§ TASK PROMPT
From the first line to the last, copy the listing exactly and omit the images.

———

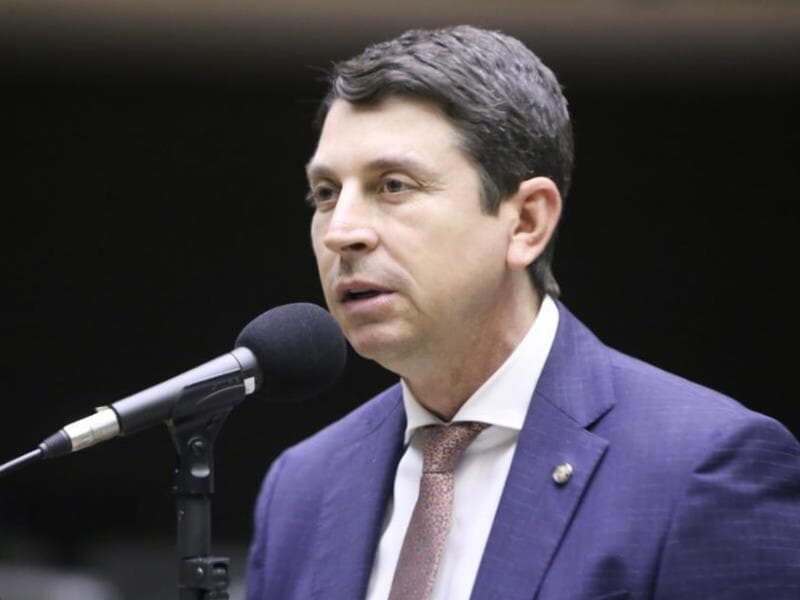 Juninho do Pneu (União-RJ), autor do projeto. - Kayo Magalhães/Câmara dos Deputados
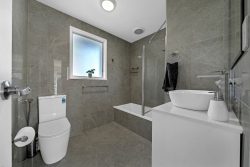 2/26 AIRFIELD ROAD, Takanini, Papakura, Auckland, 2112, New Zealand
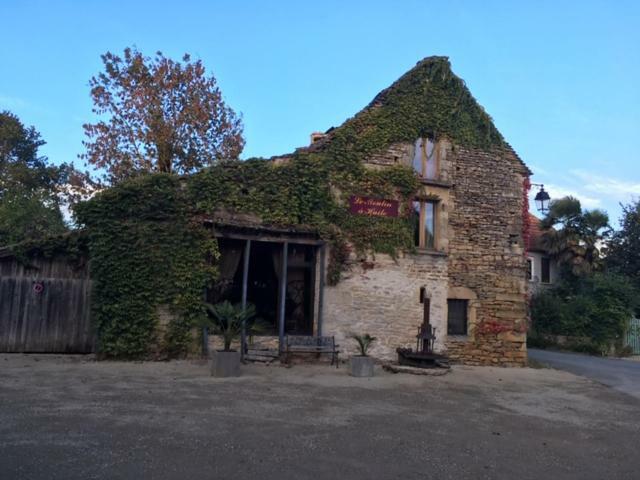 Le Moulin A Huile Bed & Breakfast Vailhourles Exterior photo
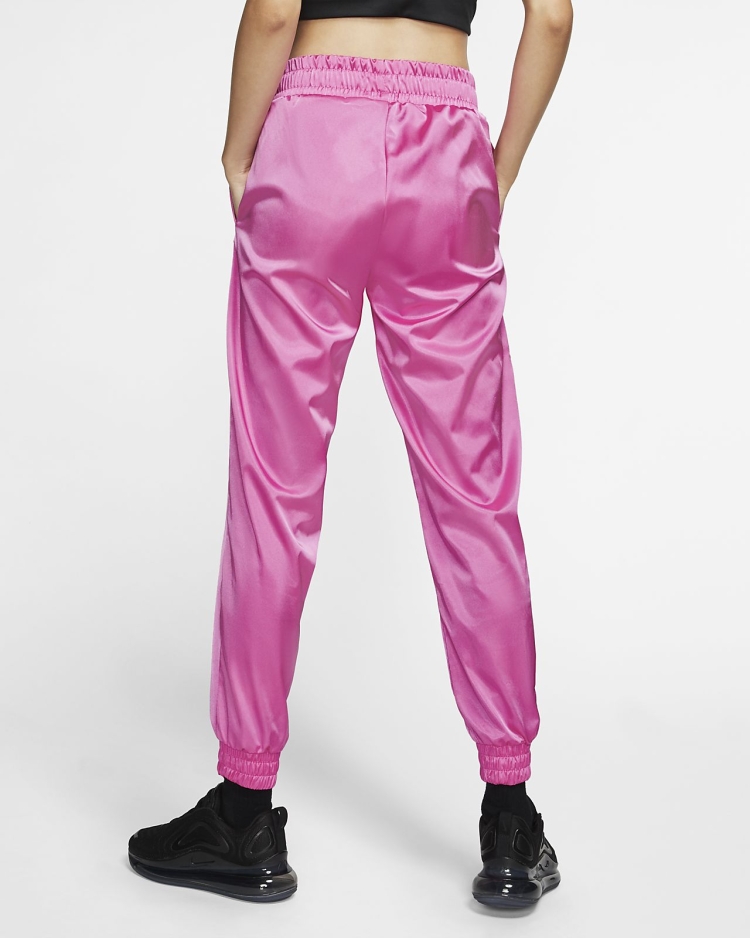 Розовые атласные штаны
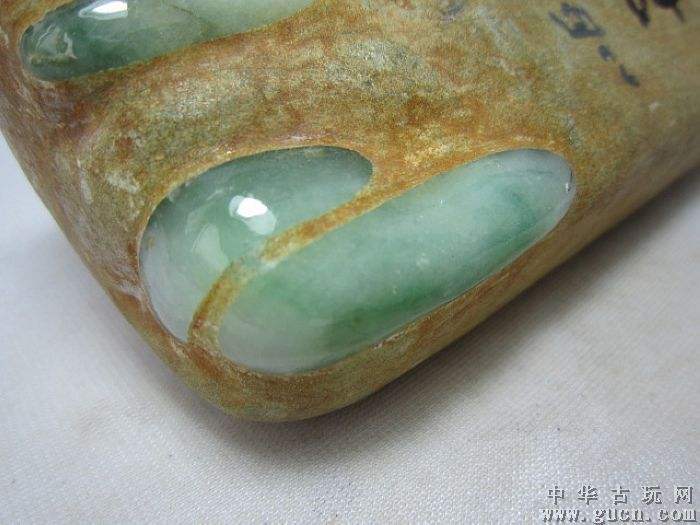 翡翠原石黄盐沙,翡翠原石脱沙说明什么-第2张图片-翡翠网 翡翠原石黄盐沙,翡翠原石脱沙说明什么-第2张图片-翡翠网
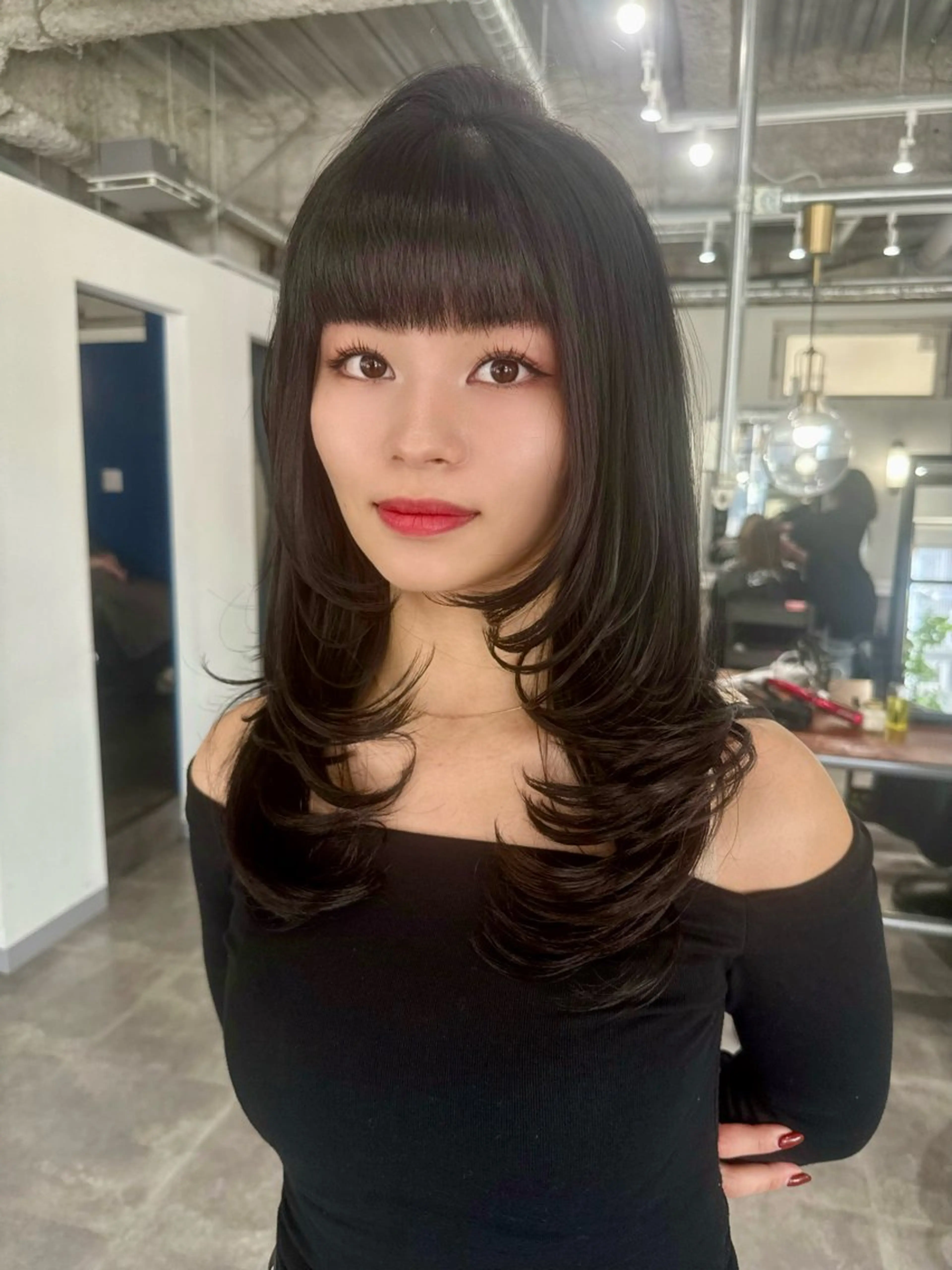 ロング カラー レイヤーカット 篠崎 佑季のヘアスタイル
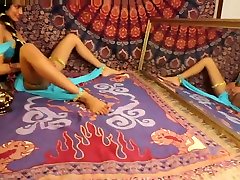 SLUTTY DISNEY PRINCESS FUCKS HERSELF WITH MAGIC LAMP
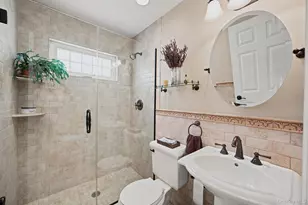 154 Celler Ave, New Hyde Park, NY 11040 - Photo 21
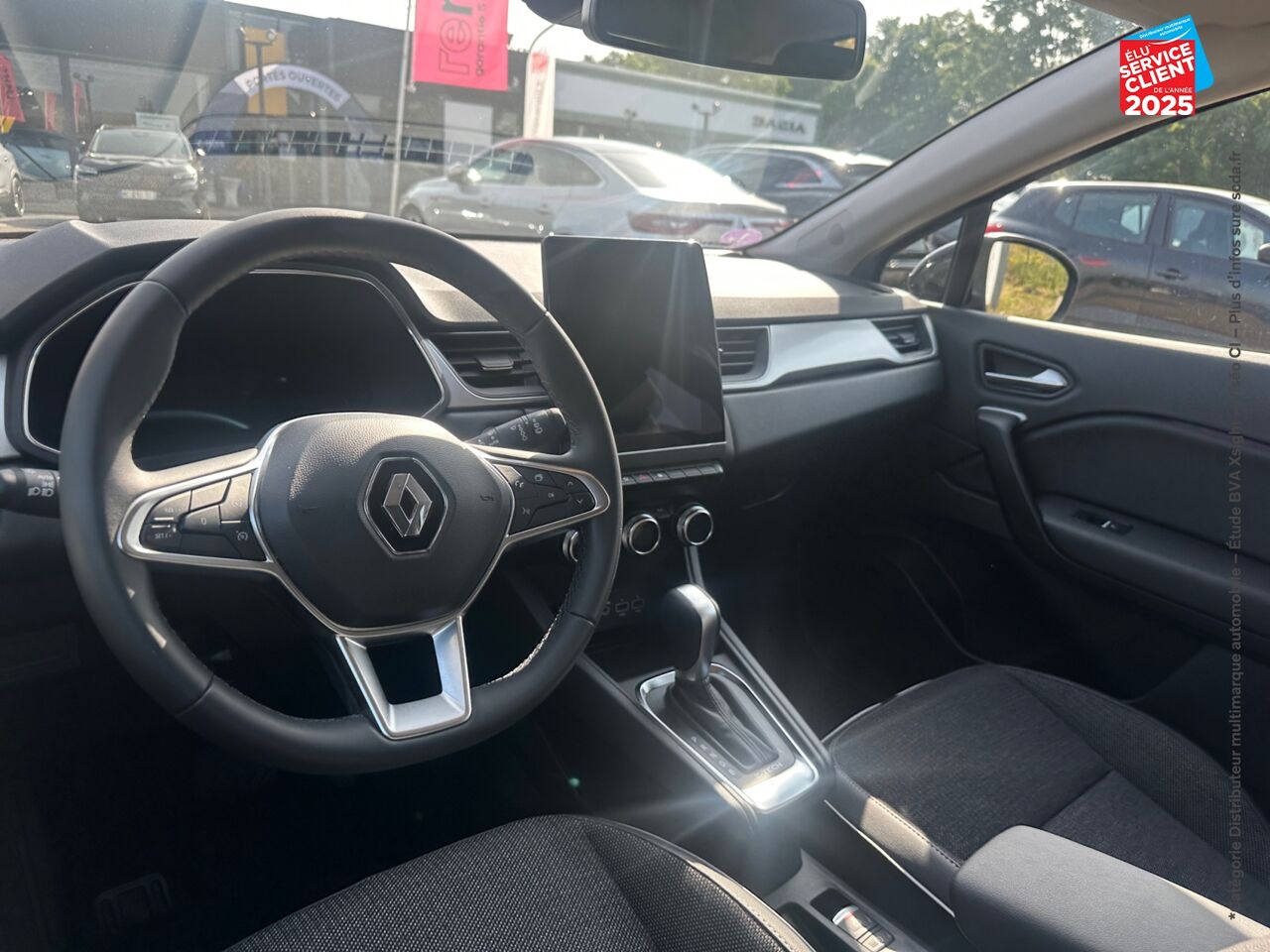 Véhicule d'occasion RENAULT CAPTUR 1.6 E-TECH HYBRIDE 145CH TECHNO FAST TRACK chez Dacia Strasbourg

———

§ EXPECTED OUTPUT
 Juninho do Pneu (União-RJ), autor do projeto. - Kayo Magalhães/Câmara dos Deputados
 2/26 AIRFIELD ROAD, Takanini, Papakura, Auckland, 2112, New Zealand
 Le Moulin A Huile Bed & Breakfast Vailhourles Exterior photo
 Розовые атласные штаны
 翡翠原石黄盐沙,翡翠原石脱沙说明什么-第2张图片-翡翠网 翡翠原石黄盐沙,翡翠原石脱沙说明什么-第2张图片-翡翠网
 ロング カラー レイヤーカット 篠崎 佑季のヘアスタイル
 SLUTTY DISNEY PRINCESS FUCKS HERSELF WITH MAGIC LAMP
 154 Celler Ave, New Hyde Park, NY 11040 - Photo 21
 Véhicule d'occasion RENAULT CAPTUR 1.6 E-TECH HYBRIDE 145CH TECHNO FAST TRACK chez Dacia Strasbourg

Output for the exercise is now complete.